After nabbing Markelle Fultz, there is buzz abound regarding the Sixers’ offense. But the Sixers’ may see more improvement on the opposite end of the floor.

The addition of JJ Redick & Markelle Fultz, coupled with the return from injury of Ben Simmons, has Sixers’ fans dreaming about a more dynamic offense surrounding Joel Embiid in Philadelphia. And justly so: Embiid’s offensive versatility is enough on its’ own to excite fans. Mix in Simmons/Embiid P&Rs and skilled shooters spotting up along the perimeter, and it is easy to understand why some have playoff expectations of this franchise for the 2017-2018 season. (In this pathetic Eastern Conference, that is perfectly reasonable.) The offensive potential of the Sixers’ roster, however, might be stealing much of the spotlight from a sleeper catalyst in a possible playoff push: the Sixers’ defense.

In reality, there will be bumps in the road when it comes to Brett Brown & Co. figuring out exactly how to most efficiently run the offense and utilize each player’s’ strongest abilities. Think of it like transitioning into a new home. You have to move the things around a bit, tweak the layout of the furniture, adjust the lighting, maybe paint a room or two. It isn’t quite home yet, maybe not until days or weeks after you’ve moved in.
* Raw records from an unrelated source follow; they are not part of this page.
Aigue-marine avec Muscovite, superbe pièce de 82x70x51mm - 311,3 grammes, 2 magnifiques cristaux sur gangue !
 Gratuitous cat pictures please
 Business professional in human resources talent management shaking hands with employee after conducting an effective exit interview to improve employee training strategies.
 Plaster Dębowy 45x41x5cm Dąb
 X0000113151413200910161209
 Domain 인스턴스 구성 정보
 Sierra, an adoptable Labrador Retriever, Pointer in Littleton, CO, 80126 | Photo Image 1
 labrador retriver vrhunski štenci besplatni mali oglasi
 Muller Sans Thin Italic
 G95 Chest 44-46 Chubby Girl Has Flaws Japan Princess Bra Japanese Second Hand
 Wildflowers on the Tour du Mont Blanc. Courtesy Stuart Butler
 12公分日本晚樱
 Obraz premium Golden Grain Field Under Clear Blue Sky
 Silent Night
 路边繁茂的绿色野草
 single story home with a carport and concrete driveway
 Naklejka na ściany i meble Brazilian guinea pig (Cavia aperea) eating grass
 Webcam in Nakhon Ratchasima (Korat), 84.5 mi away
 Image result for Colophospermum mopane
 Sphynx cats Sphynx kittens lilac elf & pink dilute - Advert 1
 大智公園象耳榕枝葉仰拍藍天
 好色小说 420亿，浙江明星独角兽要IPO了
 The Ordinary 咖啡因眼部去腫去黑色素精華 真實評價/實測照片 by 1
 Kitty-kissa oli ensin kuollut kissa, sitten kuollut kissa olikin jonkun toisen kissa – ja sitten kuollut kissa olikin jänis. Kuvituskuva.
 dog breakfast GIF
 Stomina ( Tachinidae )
Brett Brown has a highly featured player on offense in Joel Embiid, whose usage rate for this past season was 36.3%, 3rd amongst players who have played at least 30 games and averaged 20 mpg. With more weapons deployed around Embiid, his usage rate will inevitably drop. (Although as skilled and efficient as JoJo is, you don’t necessary want him to sacrifice possessions.) Let’s say Embiid’s usage rate comes back down to earth a bit next season, a number around those of his peers Karl-Anthony Towns (27.4%) and Nikola Jokic (23.6%): 25%, for arguments sake. That is a major adjustment to an offensive unit, before even considering what Simmons and Fultz’ offensive numbers and tape show: they, too, are players who have demonstrated a desire to have the ball in their hands, and consequently, possessed a high usage rate during college ball. Fultz had a whopping 31.4% USG at Washington and Simmons lone year at LSU was not far behind at 26.4%. Mathematically, those percentages have to come down. Suffice to say, Brown has some work ahead of him in discovering the best route in deploying his offensive sets. And maybe even more time consuming, the players have to adjust their style of play to make the offense operate efficiently.

Considering the growing pains that lie ahead, the Sixers’ may stumble out of the gate to begin next season. And while the Eastern Conference is seriously lacking in star power, at least 5 of the teams that locked down an East playoff seed this past season figure to be as good or better next season: Boston, Cleveland, Toronto, Washington and Milwaukee. So that leaves 3 seeds up for grabs in the East bracket, and likely pursuers in Miami, Detroit, Charlotte and Philly. (I guess you could throw Orlando in there too.) If the Sixers wish to appear in next season’s playoffs, their defense will need to make up some wins for those that will be casualties of offensive experimenting. With defensive anchors Joel Embiid and Robert Covington, there’s reason to believe the Sixers’ defense will perform at a high level from the jump and provide wins early on next season.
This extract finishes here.